Still, learning how to clean up after himself was a major step, and Toffer was proud of him. He was glad the boy had learned now, before he lost all help to the inevitable. Toffer knew it was only a matter of time before he was found guilty of all crimes he’d been accused of and that many of those crimes carried a death penalty. He was willing to accept that.

He just hoped he could get Toby to own up to his crimes as well. He wasn’t holding his breath. The boy was too deep into his ways to hold out much hope for. It was sad, too.

But Toffer knew it could be done.  But would Toby do it? He doubted it. the boy enjoyed committing crime too much. But he knew himself to be to blame. After all, he had taught the boy that the laws didn’t apply to him.

He regretted that now. He regretted everything. Looking back, he had destroyed everything. At least everything that mattered.

He had made the two of them homeless. Penniless. Jobless. Hopeless.

He could think of a million words to describe the new low to which the family, he and the boy, had found themselves. None quite fit. But all pointed back to him. The boy was as he had allowed him to become. Taught him to be.

Sad, really. He had taught him to break the law for personal gain. He had taught him that there would be no penalty for doing so. In doing so, he had taught the boy a lie.

There was always a cost. Everything, every decision, had a cost. Sometimes, the deed wasn’t worth the cost. Especially when it meant breaking the law.

Toffer went to his office and sat down behind the desk. He inspected it. No one had attempted to find the secret compartment. Good.

He felt under the desk and found the button that unlocked the compartment. pushing it, he waited for the small hidden door to spring open. Pulling the drawer out, he removed the file there and began to read. It was his original reason for becoming he monster he had been.

Opening the main drawer, he pulled put a legal pad. Grabbing his pen, he began to write a confession. On each page, he detailed each stage of his plan. The murder of his father. The degradation of the company. The vampire-like way he drained a company, already deep in financial trouble, of all profits. How he ripped off his workers.

He held nothing back. Rape. Extortion. Murder. Theft.

He even bared his soul on how he raised his son. Bad behavior was rewarded, good was ignored. He admitted to allowing the boy to run wild and letting him do whatever he wanted. Nothing was ever punished.

Hell. He even admitted to being guilty of physically abusing his son. Hitting him for no reason. Verbally breaking him down and berating him for doing anything good.

He knew his days were numbered. He was assured of the death penalty for at least half the charges he would receive. He knew that. Or, at the very least, life without parole. Why not go on his own terms and with a clear conscience?


Joey Veraggio was the son of Gianni “Johnnie” Veraggio. Johnnie was the boss of the Veraggio syndicate, one of the few left from the old families. The Mafia had changed since the 20’s and 30’s. They no longer bootlegged. Extortion, blackmail, unions, and gambling were still hot items but they no longer killed unless there was no other recourse. At least, that was Gianni’s way.

Money wasn’t enough to make him want anyone dead. In pain, well, that was another matter altogether. But dead, no. A dead man could not repay a debt.

He wasn’t, however, against taking away someone’s livelihood. Just as he had done to Toffer French. Maybe he would recruit the boy for a few jobs. He seemed to hold promise. But not the old man. The old man could only help run the company.

Gianni was willing to allow the old man to go down. Hell. A little prison might do the man good. He sure as hell hadn’t been very good at the business he’d been left.

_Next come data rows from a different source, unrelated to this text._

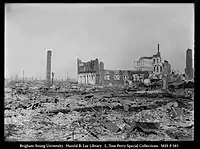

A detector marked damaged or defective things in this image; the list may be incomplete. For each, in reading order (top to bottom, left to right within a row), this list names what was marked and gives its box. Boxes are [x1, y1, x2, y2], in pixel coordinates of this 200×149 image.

burned timber [4, 47, 194, 141]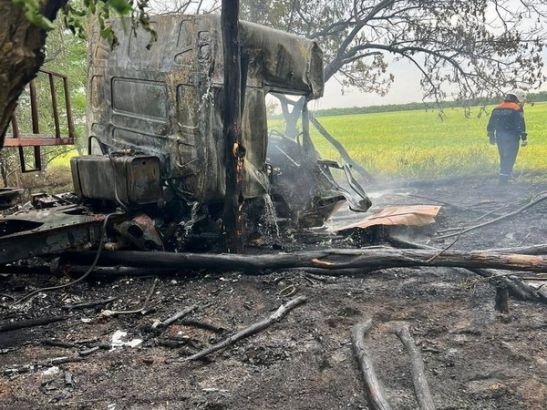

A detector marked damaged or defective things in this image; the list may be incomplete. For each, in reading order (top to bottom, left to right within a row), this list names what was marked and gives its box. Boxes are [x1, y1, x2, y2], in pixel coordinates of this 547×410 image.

charred truck wreckage [0, 15, 372, 262]
burnt truck chassis [0, 14, 372, 266]
burned truck cab [70, 15, 368, 247]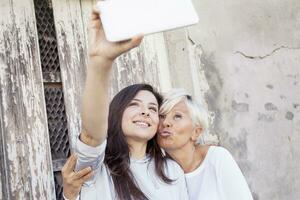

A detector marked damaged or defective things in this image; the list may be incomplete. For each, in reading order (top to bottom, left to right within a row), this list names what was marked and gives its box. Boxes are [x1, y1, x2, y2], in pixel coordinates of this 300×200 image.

cracked plaster wall [165, 0, 298, 200]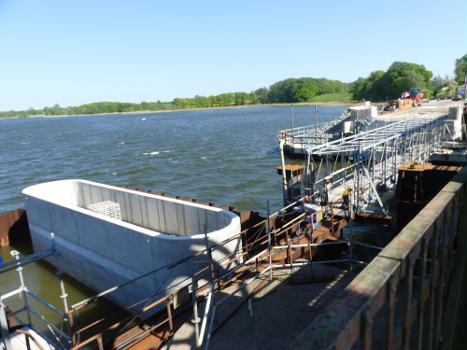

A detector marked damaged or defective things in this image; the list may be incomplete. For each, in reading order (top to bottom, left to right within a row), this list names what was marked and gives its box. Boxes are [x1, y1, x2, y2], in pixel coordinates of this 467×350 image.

rusted metal surface [0, 209, 29, 247]
rusted metal surface [290, 165, 466, 348]
rusty steel beam [290, 165, 466, 348]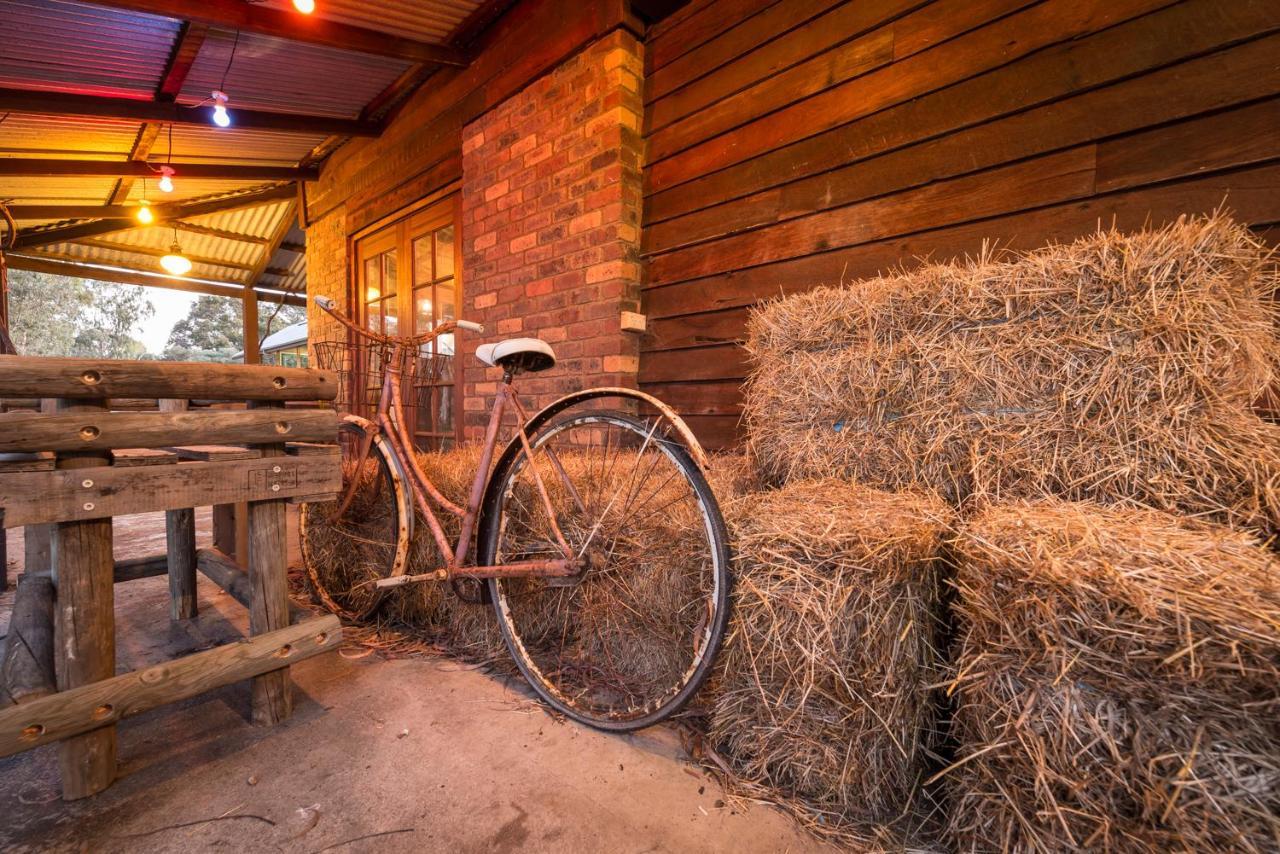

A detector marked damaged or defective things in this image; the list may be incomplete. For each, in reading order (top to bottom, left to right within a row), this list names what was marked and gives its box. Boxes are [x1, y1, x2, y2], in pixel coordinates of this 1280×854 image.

The elder Mafioso could remember Baltus French. Baltus, though cruel and crooked, hhad been half way decent as a man. His morals weren’t completely lacking. After all, Baltus would never stoop so low as to blackmail or to rape. And killing had been the last resort in any business proposition.

Nor would the elder French ever do business with the likes of Gianni Veraggio, unless it was selling his most quality products and installing them personally. He had been too proud to ask for money unless it was for a sale he’d made. A man worth respecting.

But Toffer would have, and had, shamed his father’s memory. yes, Baltus would be ashamed of his son…and his grandson.  They didn’t deserve to wear the French name. Nor did they deserve to have the company built by Toffer’s grandfather.

Gianni shook his head. It would take Toffer the rest of his life to repay the debt he owed. But the boy. Toby would be easy to turn. He would be easy to teach.

All he had to do was break Toby of a few really bad habits. If he couldn’t be broken, he would have to be dealt with in another way. But how? Being sent to war?

After all, there was another war brewing and by the time it was in full swing, Toby would be of age to be drafted. Perhaps, if the threat of being shipped out was held over his head, the boy would break all his bad habits. It was worth a try.